So far, no national studies have been done looking at how financial incentives drive healthy eating, the researchers say. But a smaller study conducted in Massachusetts between 2011-2012 mirrored the findings of the modeling done at Tufts and Imperial College.

That previous study — the Healthy Incentives Pilot — tested financial incentives for SNAP recipients that were designed to encourage more consumption of fruits and vegetables. Under the program, some SNAP participants received an extra 30 cents for every dollar of SNAP benefits — but could spend the extra money only on targeted fruits and vegetables.

“We did indeed find the incentive worked: Participants purchased more and consumed more fruits and vegetables than SNAP participants that were not receiving the incentive,” says Susan Bartlett, principal associate at Abt Associates, a public policy consulting firm that worked on the study.

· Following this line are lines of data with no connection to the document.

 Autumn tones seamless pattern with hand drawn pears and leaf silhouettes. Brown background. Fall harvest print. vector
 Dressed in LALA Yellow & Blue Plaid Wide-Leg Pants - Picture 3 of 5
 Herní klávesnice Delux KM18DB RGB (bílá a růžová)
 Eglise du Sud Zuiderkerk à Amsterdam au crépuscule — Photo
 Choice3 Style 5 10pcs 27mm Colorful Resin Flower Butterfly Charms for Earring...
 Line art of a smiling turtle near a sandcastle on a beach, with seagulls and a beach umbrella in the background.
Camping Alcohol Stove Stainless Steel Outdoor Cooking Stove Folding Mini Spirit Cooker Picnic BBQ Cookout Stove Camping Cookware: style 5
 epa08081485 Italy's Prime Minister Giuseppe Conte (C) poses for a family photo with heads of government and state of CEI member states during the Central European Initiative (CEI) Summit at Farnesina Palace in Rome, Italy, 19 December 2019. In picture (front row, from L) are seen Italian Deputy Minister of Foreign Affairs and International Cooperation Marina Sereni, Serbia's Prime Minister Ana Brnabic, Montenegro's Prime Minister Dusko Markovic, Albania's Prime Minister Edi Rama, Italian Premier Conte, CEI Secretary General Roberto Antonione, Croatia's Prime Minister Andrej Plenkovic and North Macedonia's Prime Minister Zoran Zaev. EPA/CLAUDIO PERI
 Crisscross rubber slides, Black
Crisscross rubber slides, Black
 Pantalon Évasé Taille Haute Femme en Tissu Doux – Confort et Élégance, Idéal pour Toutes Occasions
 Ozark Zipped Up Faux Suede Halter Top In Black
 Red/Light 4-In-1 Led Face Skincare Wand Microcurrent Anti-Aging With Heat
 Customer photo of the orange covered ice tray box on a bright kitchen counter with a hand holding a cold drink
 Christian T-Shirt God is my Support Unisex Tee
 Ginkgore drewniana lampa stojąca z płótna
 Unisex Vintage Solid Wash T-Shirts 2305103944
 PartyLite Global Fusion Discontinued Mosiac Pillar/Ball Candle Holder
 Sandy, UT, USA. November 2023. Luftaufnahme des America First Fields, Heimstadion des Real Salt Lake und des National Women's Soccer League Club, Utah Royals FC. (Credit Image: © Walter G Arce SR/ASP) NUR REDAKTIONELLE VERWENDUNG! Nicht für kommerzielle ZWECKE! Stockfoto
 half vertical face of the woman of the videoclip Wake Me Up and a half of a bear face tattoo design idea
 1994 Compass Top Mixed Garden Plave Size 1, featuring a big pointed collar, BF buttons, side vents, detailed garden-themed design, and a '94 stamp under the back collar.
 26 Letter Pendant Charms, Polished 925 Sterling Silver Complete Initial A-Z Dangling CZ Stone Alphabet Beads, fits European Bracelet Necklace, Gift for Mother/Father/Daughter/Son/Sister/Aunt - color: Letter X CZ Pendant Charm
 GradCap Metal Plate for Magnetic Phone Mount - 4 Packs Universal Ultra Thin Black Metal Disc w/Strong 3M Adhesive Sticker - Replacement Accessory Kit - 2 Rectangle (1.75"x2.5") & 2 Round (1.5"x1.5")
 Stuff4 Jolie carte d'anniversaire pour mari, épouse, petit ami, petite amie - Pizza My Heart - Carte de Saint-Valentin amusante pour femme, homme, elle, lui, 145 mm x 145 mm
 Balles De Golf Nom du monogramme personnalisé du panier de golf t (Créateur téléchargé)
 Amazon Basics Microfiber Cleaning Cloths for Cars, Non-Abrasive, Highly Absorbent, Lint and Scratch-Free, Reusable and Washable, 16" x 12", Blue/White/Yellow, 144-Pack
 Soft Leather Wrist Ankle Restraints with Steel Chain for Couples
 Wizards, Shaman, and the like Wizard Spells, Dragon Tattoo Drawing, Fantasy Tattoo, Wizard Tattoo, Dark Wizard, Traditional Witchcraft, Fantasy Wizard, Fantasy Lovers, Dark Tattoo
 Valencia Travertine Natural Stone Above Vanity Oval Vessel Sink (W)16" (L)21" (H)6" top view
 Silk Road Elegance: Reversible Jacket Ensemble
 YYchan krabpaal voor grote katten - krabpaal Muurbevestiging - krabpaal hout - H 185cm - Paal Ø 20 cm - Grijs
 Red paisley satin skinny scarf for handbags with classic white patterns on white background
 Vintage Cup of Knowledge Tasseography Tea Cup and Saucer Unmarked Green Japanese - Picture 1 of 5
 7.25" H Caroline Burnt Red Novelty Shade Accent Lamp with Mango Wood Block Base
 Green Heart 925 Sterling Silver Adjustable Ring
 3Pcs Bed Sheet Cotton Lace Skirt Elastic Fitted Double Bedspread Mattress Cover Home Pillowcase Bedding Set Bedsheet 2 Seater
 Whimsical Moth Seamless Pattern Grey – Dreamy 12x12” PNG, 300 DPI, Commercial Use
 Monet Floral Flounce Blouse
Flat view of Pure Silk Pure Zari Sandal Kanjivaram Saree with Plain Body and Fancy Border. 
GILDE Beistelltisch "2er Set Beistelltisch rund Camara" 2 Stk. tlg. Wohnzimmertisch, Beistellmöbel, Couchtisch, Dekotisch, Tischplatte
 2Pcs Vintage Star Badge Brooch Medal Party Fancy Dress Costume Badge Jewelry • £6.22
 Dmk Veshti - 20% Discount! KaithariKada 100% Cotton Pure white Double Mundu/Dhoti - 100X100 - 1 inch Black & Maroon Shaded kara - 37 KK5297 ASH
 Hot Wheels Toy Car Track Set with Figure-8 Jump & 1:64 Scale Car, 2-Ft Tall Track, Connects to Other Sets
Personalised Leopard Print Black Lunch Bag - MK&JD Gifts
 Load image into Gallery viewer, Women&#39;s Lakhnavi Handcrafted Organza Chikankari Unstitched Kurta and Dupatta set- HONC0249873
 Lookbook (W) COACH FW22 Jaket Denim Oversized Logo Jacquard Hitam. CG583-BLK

The findings presented this week don’t identify which specific policies should be tweaked to bring the price of produce down. But Dariush Mozaffarian, a cardiologist, epidemiologist and dean of the Friedman School of Nutrition Science and Policy at Tufts University, has some suggestions.

“At state or national levels, general subsidies could be implemented at the farm or wholesaler level,” Mozaffarian tells us via email. “Grocery store bonus cards could also be a mechanism for providing lower prices.”

Elizabeth Pivonka, president of Produce for Better Health Foundation, a nonprofit working to increase fruit and vegetable consumption, says it isn’t necessarily about moving crop subsidies from corn and soybean to broccoli and oranges. It may be more about the USDA simply putting its money where its mouth is.

Produce for Better Health’s 2015 GAP Analysis report looked at USDA spending on subsidy programs, promotional programs, research education and more and found that it didn’t match with its own dietary guideline recommendations — which encourage Americans to eat more fruits and vegetables and less meat and dairy.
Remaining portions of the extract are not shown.